What is needed: Copy exactly. Include the line containing "DOLPHIN HOTEL", every line after it, and the last line below, but no pictures.

Provided material:
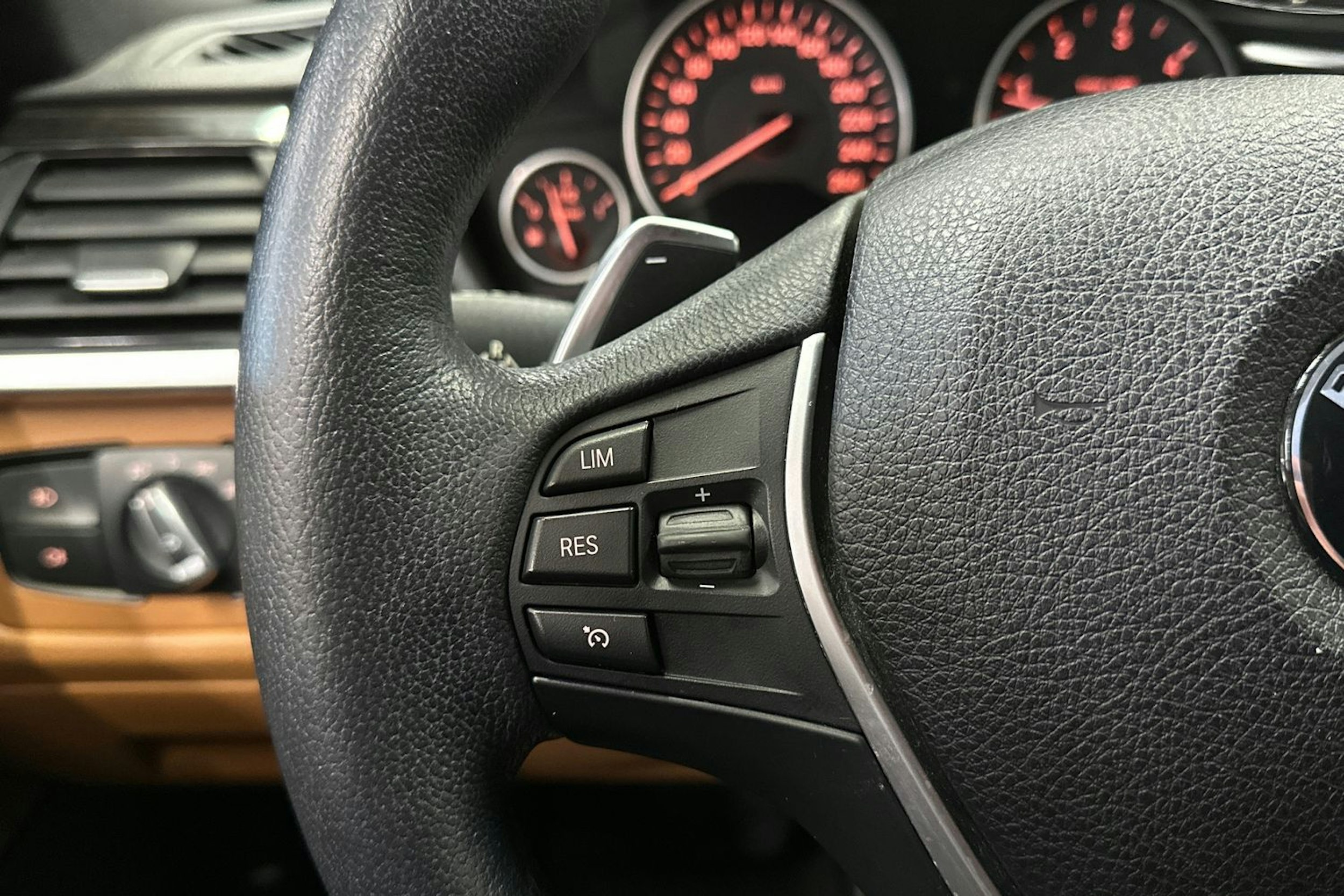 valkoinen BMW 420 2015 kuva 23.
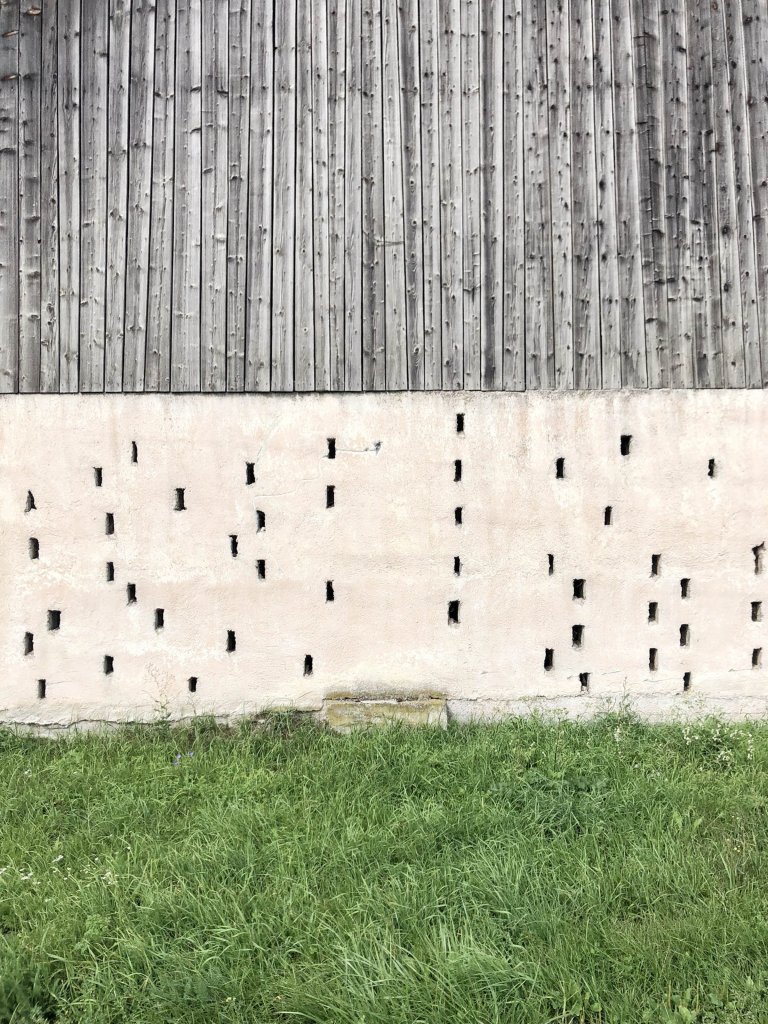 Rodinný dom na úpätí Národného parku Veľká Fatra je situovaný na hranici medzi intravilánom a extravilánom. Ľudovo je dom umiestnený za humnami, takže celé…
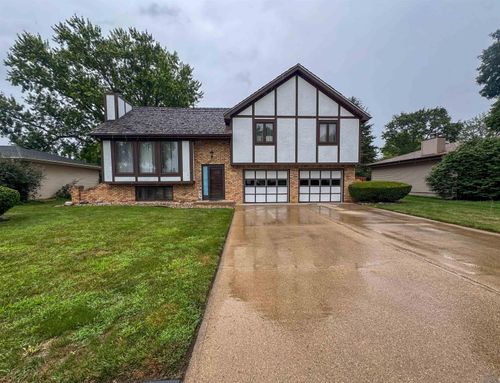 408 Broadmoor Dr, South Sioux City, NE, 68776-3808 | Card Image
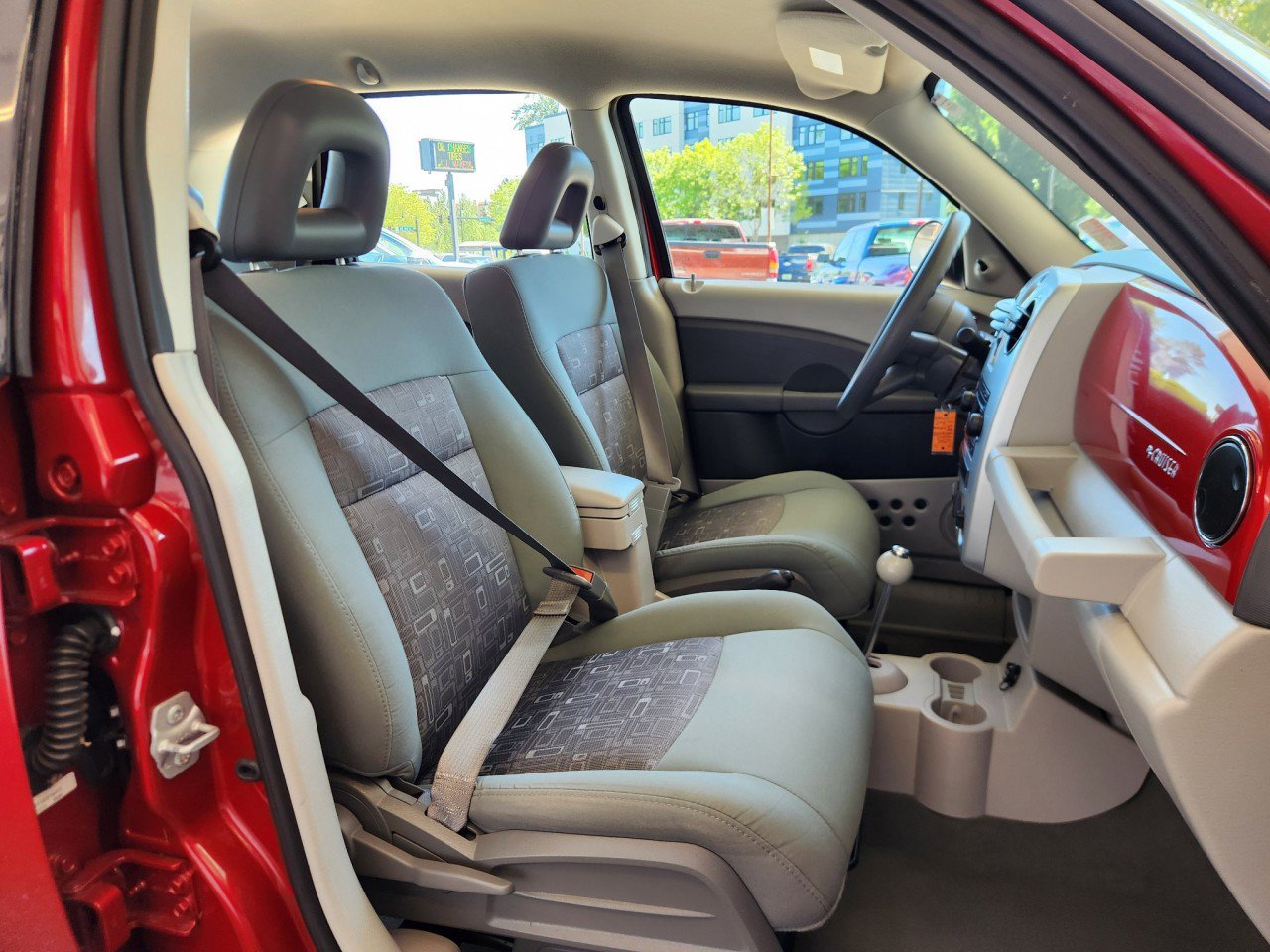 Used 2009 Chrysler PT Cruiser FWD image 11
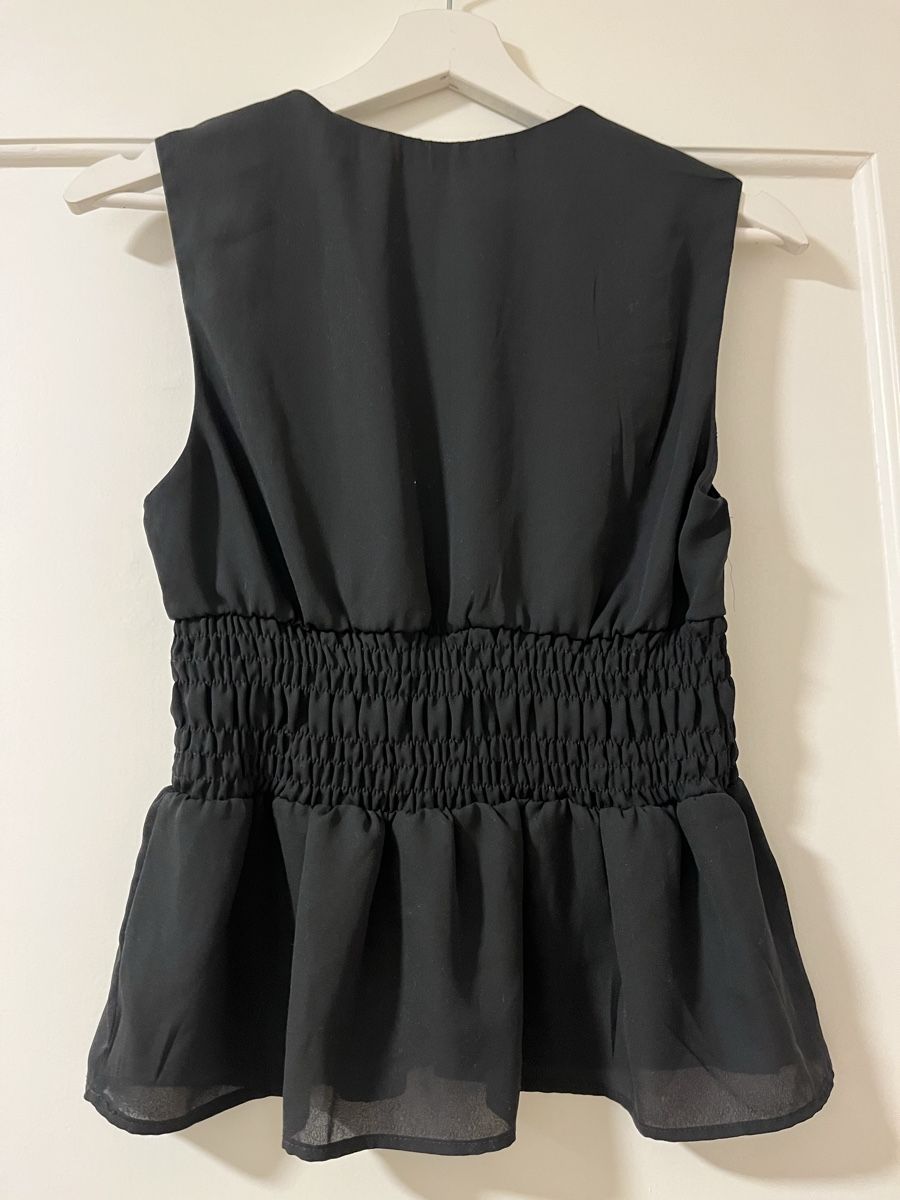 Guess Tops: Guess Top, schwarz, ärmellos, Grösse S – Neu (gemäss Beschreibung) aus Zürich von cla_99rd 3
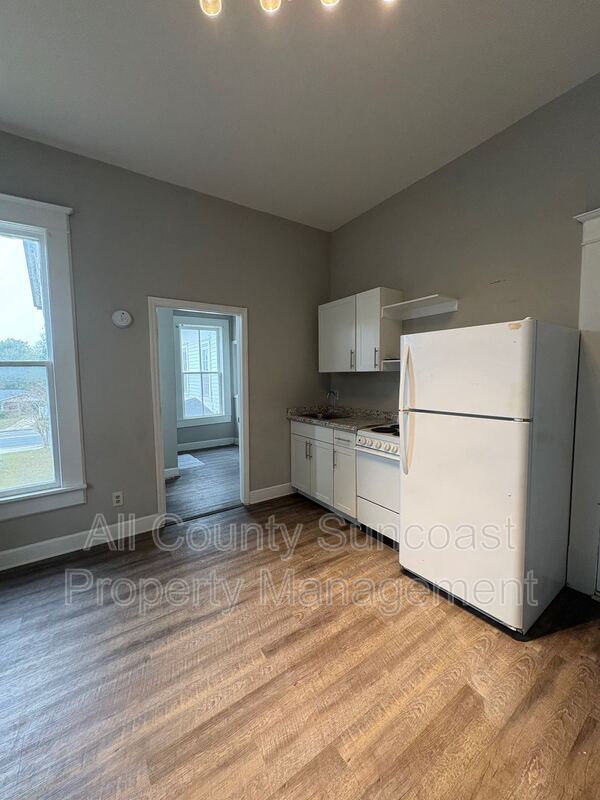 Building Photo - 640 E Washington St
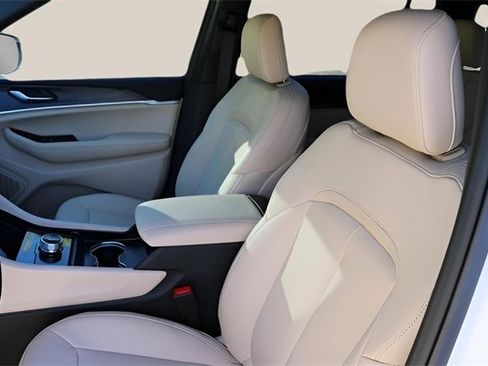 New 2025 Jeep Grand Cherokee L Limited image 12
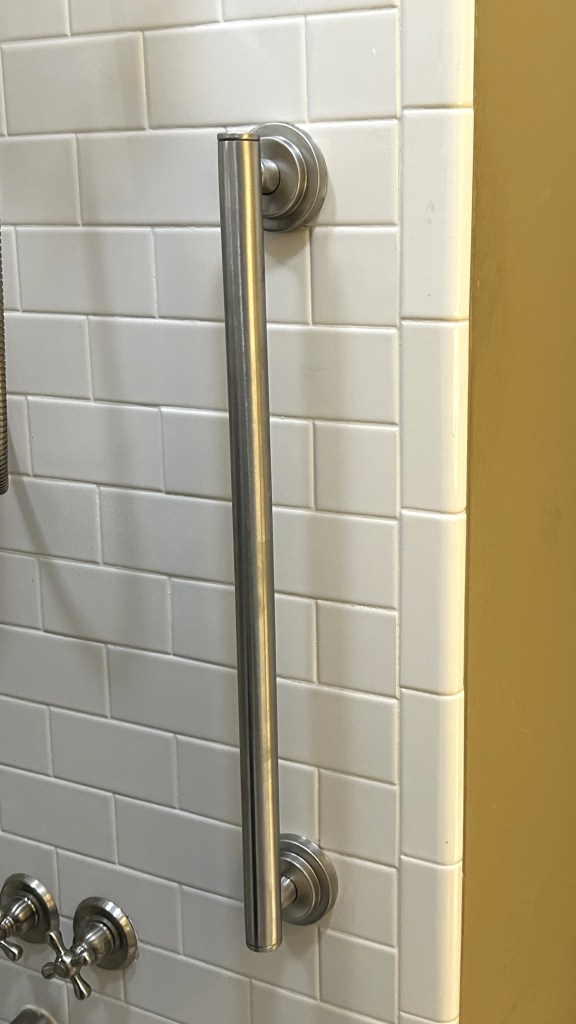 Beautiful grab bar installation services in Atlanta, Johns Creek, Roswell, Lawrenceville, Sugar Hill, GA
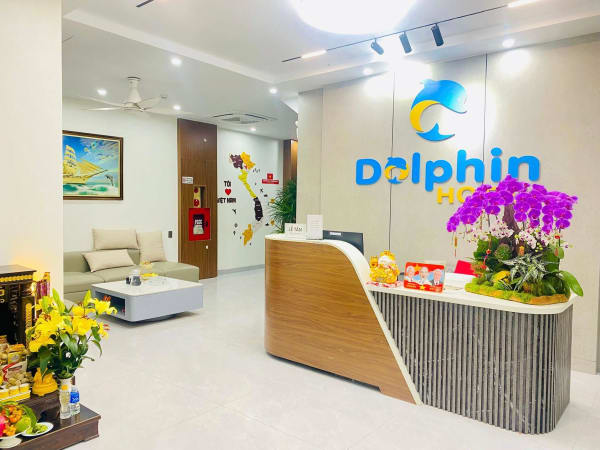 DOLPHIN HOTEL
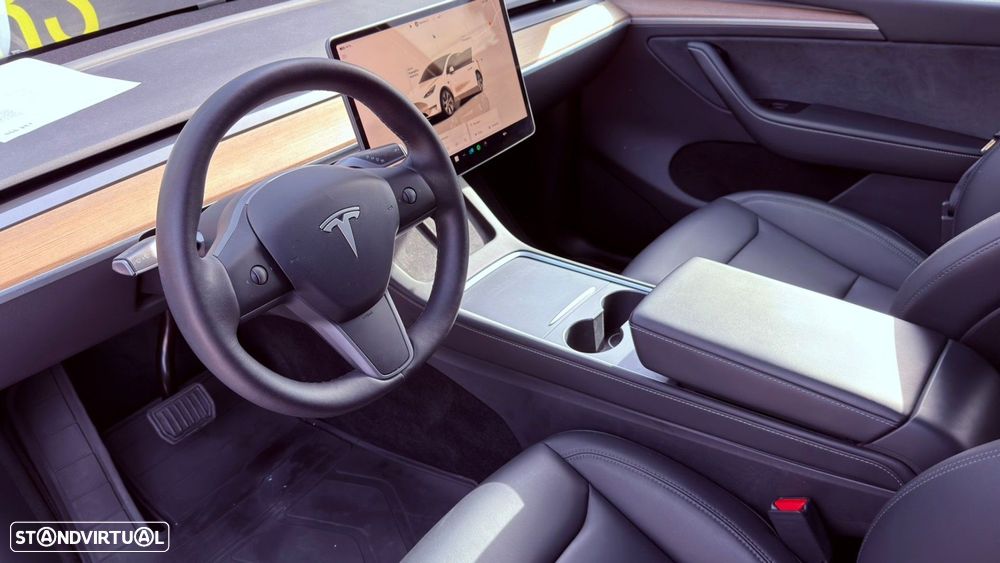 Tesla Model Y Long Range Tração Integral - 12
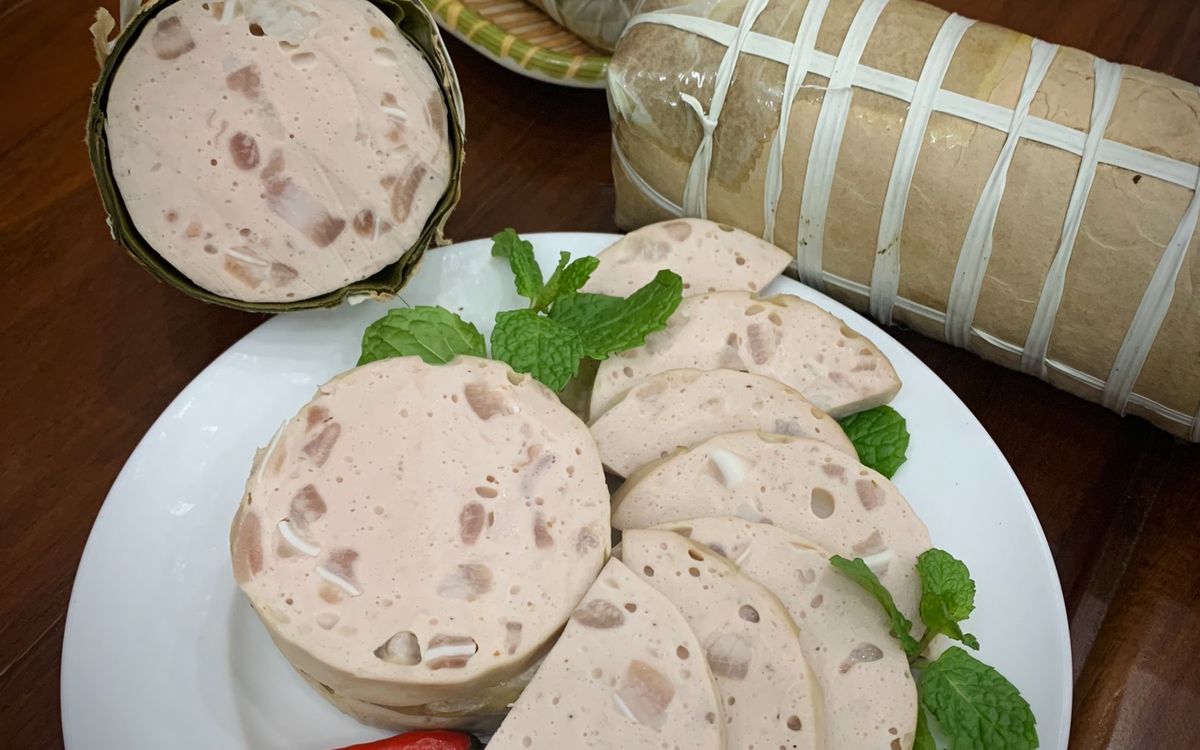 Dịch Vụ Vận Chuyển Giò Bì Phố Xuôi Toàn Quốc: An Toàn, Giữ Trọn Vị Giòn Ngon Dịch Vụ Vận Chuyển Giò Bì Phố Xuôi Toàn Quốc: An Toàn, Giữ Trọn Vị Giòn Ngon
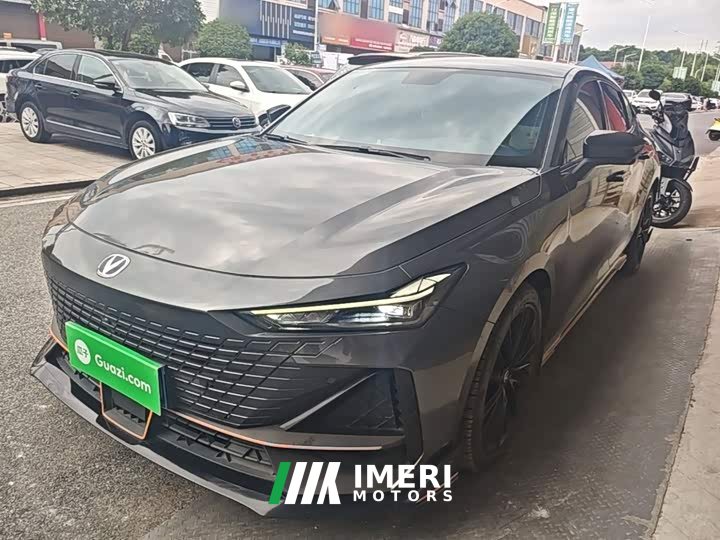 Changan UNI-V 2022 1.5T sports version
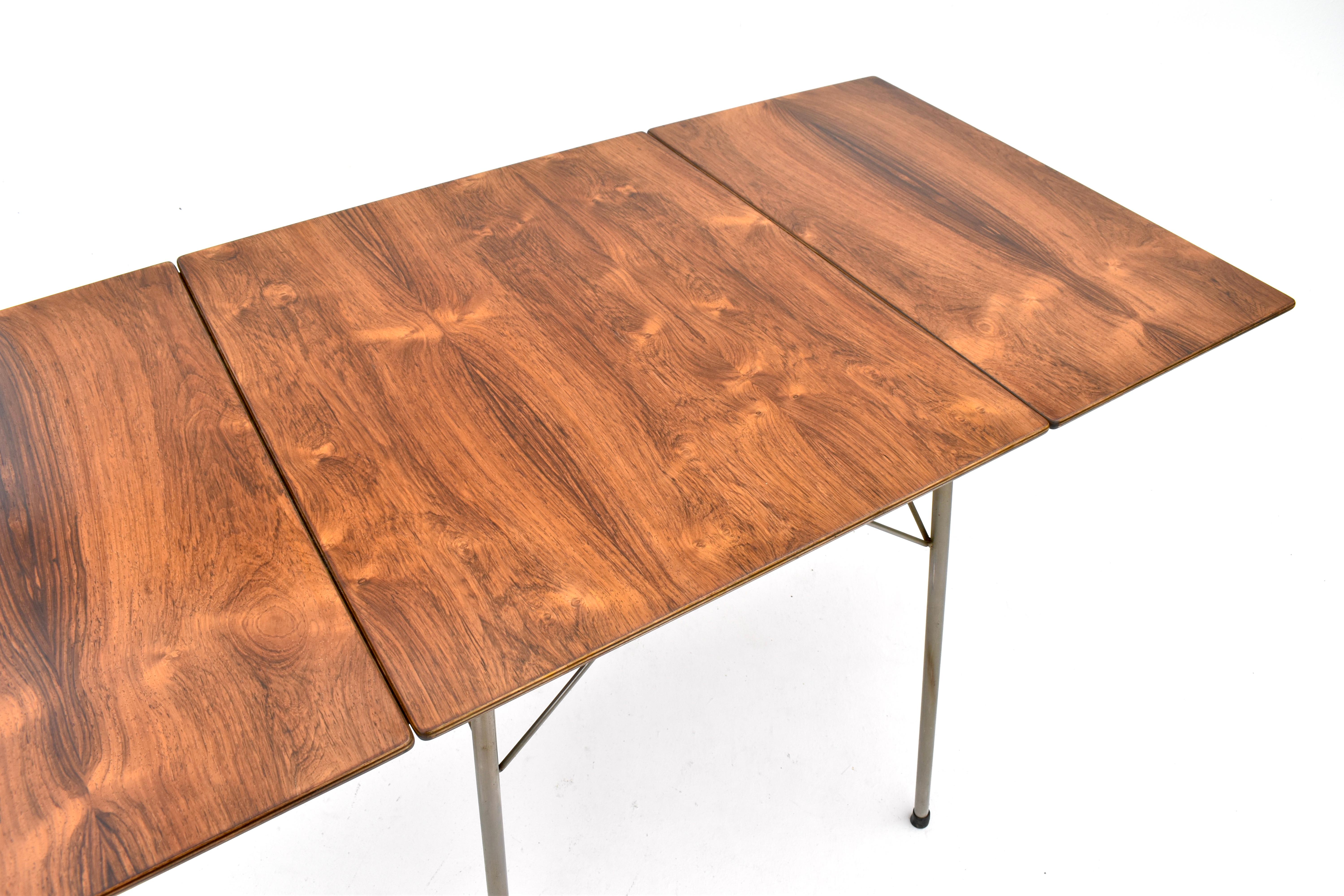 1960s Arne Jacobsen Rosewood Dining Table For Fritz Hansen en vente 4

Result:
 DOLPHIN HOTEL
 Tesla Model Y Long Range Tração Integral - 12
 Dịch Vụ Vận Chuyển Giò Bì Phố Xuôi Toàn Quốc: An Toàn, Giữ Trọn Vị Giòn Ngon Dịch Vụ Vận Chuyển Giò Bì Phố Xuôi Toàn Quốc: An Toàn, Giữ Trọn Vị Giòn Ngon
 Changan UNI-V 2022 1.5T sports version
 1960s Arne Jacobsen Rosewood Dining Table For Fritz Hansen en vente 4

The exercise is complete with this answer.